Per i parrocchiani non è un semplice trasferimento, ma un tentativo di insabbiare lo scandalo da loro denunciato: così 110 di loro scrivono la lettera in cui parlano di rapporti omosessuali con “adulti vulnerabili”, persone cioè con diversi problemi, per almeno un padre della Curia, coperto dal silenzio complice di altre personalità della chiesa. Nello scritto, si parla anche dell’ingresso laterale della Curia lasciato aperto di notte per permettere al parroco e ai prostituti di muoversi in libertà.

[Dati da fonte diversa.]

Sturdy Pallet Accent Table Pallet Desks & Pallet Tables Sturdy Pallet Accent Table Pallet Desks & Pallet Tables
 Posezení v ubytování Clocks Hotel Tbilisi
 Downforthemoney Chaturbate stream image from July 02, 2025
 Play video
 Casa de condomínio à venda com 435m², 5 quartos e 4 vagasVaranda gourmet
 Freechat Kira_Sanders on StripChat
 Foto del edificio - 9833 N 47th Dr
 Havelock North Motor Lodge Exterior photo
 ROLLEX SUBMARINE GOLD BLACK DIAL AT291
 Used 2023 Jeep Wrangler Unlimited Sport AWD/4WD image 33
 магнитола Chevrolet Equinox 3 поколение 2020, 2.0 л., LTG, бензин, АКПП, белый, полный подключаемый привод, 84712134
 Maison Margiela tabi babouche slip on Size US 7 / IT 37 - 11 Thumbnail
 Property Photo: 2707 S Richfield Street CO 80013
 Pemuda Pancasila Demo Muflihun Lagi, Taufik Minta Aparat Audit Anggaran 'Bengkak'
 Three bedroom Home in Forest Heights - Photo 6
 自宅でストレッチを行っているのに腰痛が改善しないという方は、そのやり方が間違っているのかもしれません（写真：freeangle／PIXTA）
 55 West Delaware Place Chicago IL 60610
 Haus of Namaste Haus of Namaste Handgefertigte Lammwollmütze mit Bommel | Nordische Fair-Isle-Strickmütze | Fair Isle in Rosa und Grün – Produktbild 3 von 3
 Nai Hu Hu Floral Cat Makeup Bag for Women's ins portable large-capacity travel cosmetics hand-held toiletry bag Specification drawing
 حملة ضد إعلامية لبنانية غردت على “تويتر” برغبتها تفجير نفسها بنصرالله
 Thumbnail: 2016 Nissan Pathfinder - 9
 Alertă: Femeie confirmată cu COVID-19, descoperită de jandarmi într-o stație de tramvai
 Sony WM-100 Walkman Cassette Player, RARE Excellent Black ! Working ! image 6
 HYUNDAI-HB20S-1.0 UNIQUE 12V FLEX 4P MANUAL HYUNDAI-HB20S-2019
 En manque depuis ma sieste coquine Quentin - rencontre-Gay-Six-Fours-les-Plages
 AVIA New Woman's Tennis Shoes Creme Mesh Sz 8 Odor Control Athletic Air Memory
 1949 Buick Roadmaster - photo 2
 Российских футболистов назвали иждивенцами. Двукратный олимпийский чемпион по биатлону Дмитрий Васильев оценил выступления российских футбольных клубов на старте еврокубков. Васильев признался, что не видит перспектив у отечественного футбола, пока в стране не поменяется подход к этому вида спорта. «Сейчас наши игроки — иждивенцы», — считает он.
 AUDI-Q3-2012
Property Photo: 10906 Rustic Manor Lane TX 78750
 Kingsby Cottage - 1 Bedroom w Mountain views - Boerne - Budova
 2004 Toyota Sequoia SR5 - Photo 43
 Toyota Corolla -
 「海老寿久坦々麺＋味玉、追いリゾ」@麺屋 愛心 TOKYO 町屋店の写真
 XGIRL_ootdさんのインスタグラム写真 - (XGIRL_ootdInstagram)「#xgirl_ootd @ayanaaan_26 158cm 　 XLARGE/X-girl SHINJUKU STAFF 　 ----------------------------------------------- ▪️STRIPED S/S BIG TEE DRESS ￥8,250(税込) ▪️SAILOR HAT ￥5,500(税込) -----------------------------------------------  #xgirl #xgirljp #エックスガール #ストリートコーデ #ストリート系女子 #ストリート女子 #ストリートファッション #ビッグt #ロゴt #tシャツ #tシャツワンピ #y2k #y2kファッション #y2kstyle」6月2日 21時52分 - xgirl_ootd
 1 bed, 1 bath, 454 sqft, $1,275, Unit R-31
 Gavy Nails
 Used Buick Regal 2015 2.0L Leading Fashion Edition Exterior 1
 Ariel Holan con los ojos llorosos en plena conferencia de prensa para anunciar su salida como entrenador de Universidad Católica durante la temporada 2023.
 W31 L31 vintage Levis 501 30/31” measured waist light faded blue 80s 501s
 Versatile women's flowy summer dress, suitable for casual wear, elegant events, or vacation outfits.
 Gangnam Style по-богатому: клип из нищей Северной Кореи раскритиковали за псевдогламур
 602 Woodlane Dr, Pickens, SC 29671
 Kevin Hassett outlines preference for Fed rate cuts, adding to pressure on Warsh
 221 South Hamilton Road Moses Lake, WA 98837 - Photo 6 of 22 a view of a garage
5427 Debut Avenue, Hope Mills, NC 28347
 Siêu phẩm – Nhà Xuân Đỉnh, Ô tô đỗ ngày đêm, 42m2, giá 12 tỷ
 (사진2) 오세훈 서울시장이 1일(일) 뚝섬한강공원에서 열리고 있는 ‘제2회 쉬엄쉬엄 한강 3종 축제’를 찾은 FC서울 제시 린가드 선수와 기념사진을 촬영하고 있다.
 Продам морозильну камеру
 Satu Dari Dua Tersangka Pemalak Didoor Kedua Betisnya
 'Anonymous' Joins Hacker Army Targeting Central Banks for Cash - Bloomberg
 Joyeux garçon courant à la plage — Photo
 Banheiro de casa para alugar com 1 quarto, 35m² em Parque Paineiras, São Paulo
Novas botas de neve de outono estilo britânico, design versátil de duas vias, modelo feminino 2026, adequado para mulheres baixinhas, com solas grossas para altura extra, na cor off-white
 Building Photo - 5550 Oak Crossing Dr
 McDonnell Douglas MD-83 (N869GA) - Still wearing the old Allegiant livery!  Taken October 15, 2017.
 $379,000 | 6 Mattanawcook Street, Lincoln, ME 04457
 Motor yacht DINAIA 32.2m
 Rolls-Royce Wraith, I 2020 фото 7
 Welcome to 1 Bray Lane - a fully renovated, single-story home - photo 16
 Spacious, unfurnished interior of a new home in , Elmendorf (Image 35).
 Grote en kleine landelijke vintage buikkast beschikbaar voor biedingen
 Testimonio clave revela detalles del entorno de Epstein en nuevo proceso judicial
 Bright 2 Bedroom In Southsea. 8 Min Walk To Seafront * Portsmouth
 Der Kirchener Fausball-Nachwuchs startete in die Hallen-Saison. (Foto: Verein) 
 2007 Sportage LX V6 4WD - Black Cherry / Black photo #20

La missiva viene consegnata a padre Cannistrà, senza ricevere risposta. A quel punto, la stessa lettera viene girata alle autorità di più altro grado: il cardinale vicario, Agostino Vallini, il prefetto della congregazione per gli istituti di vita consacrata, Braz De Aviz, il Segretario di Stato Paolo Parolin e, per conoscenza anche a Papa Francesco. Risultato? Nessuno. I trasferimenti sono stati spiegati come “normali avvicendamenti”, mentre dello scandalo gay non si vuole parlare.
A quel punto la vicenda inizia a uscire dalle strade del quartiere romano e approda sui media, a pochissima distanza dal coming out di Krzysztof Charamsa, il prete teologo e ora ex membro della Congregazione per la dottrina della fede a ridosso del Sinodo sulla Famiglia.
Il caso potrebbe aprire un nuovo scandalo nella Chiesa cattolica; la Procura sta indagando, anche perché l’uomo che avrebbe avuto rapporti sessuali con il padre della Curia, ha subìto un’aggressione nel 2006 che lo ha lasciato privo di un occhio. Lo ha raccontato lui stesso al Corriere della Sera: il rapporto con il rappresentante della Curia, conosciuto nei giardini di Villa Borghese nella zona frequentata dai prostituti gay, è durato per anni, tra incontri segreti (di cui sapevano in molti, dice), e uso di droghe come il popper. Poi l’aggressione, sempre a Villa Borghese, la confessione della relazione sessuale con il prelato ai suoi superiori e il silenzio complice degli stessi. La Procura sta indagando soprattutto per capire se dietro l’aggressione ci siano dei collegamenti con quanto denunciato dai parrocchiani.